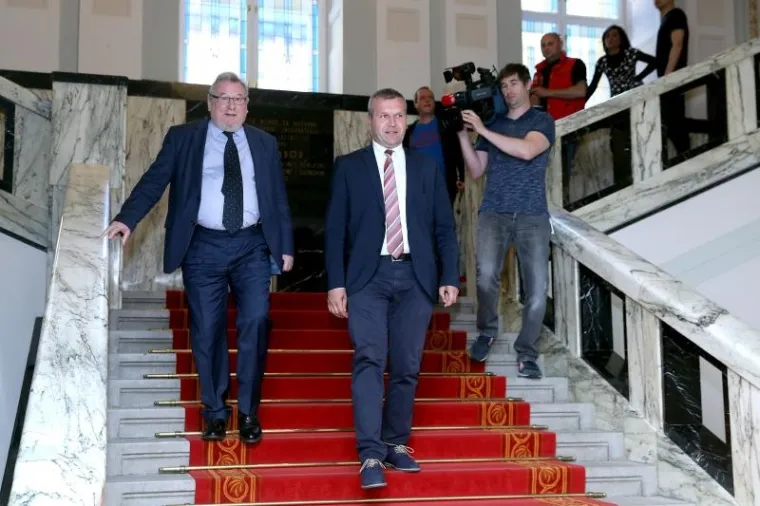 &Scaron;eks se u Saboru sastao s premijerom Andrejem Plenkovićem i drugim HDZ-ovim zastupnicima.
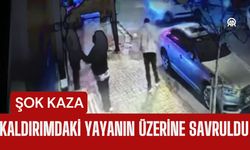 ŞOK KAZA; Kaldırımdaki Yayanın Üzerine Savruldu
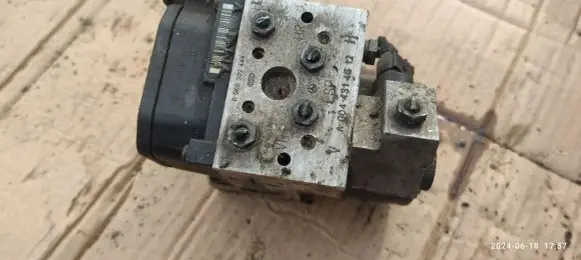 Mercedes-Benz S W220 ABS Pump A0034318812 A0044314712 A0044314612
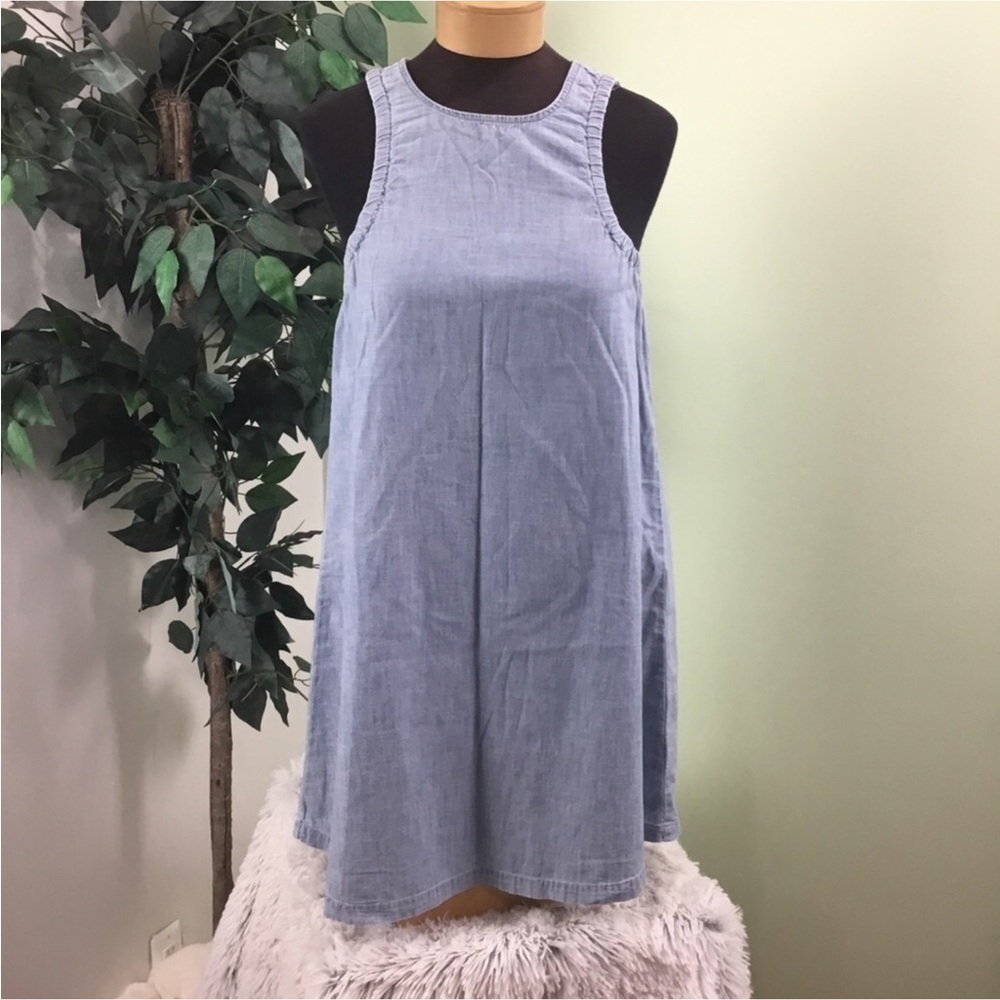 a.n.a light weight denim style material dress Woman’s size small keyhole
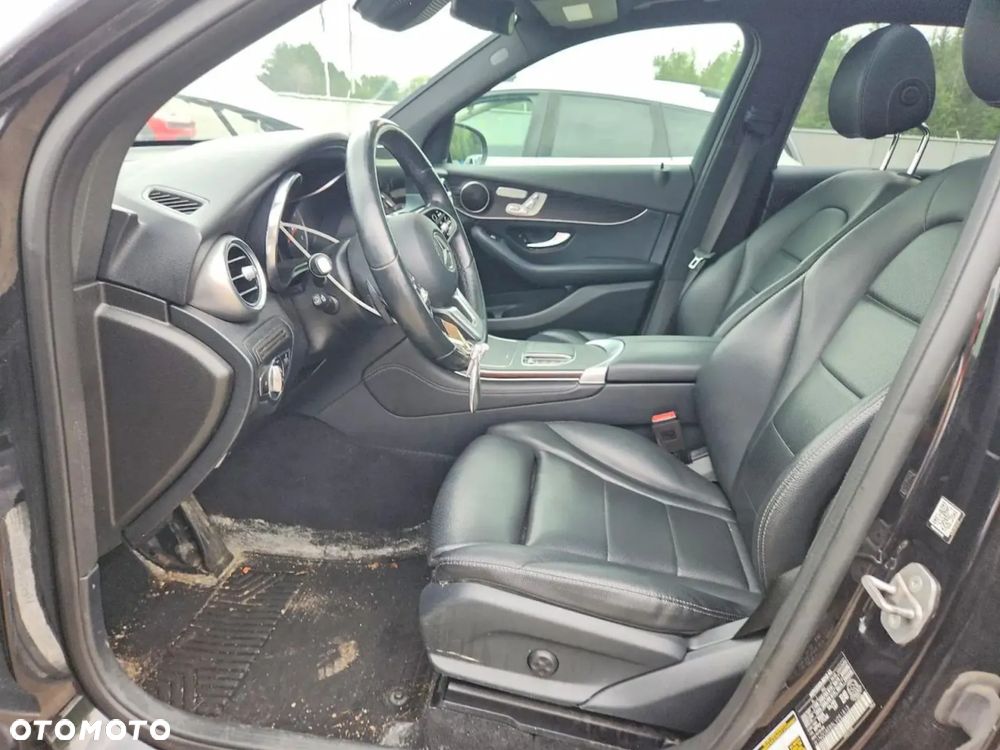 Mercedes-Benz GLC 300 4Matic 9G-TRONIC - 8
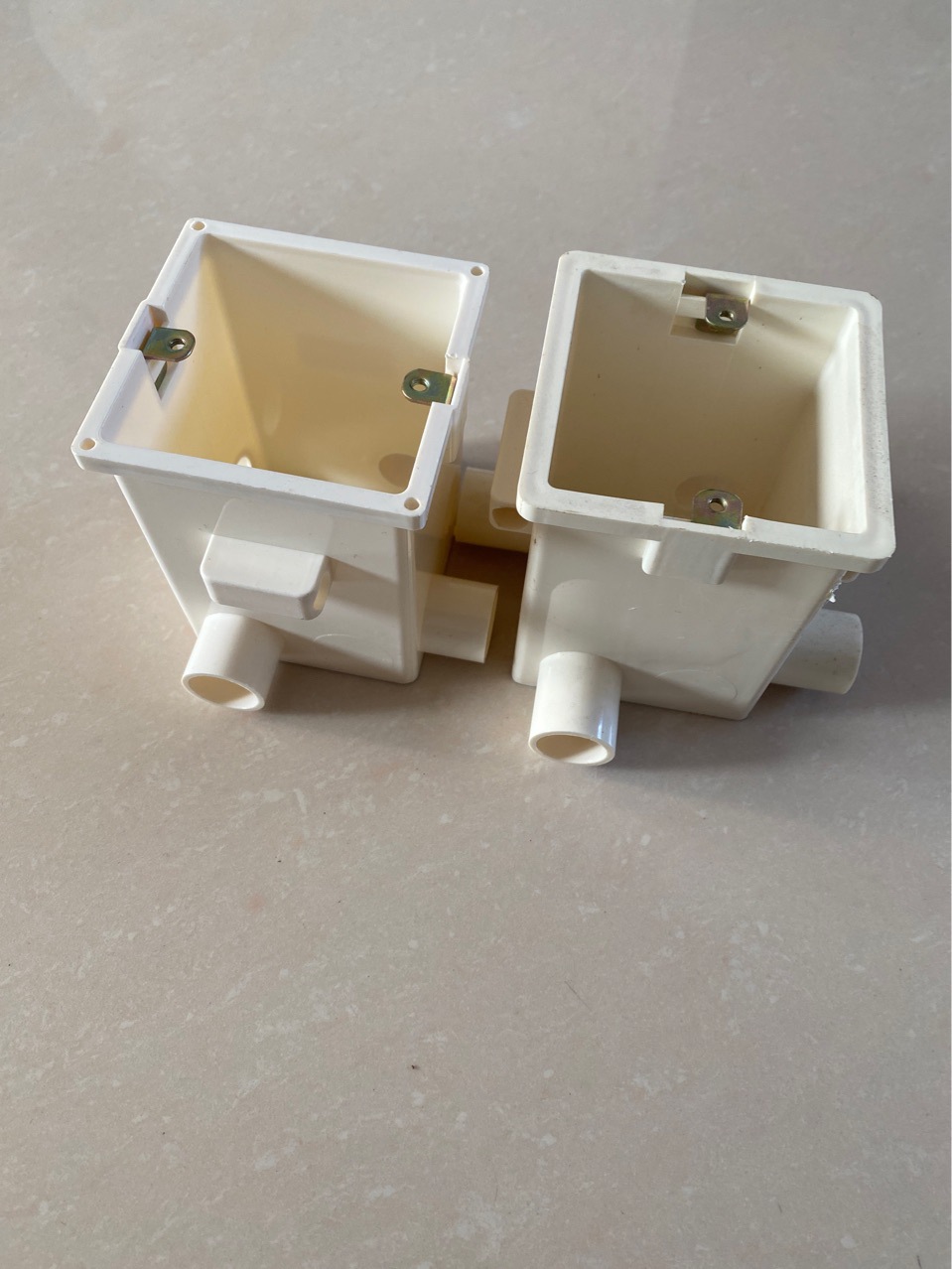 鑫万喜厂家直销PVC工程预埋穿筋集成一体盒10公分-154叉3叉电线盒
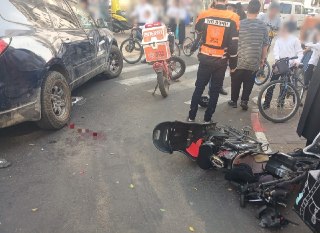 בני ברק: רוכב אופניים חשמליים נפצע בינוני בתאונה...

───

## Task
Beginning with the line where "a.n.a light weight" appears, restate word for word every line down to the last one in the data, but keep the pictures out.

## Result of the task
 a.n.a light weight denim style material dress Woman’s size small keyhole
 Mercedes-Benz GLC 300 4Matic 9G-TRONIC - 8
 鑫万喜厂家直销PVC工程预埋穿筋集成一体盒10公分-154叉3叉电线盒
 בני ברק: רוכב אופניים חשמליים נפצע בינוני בתאונה...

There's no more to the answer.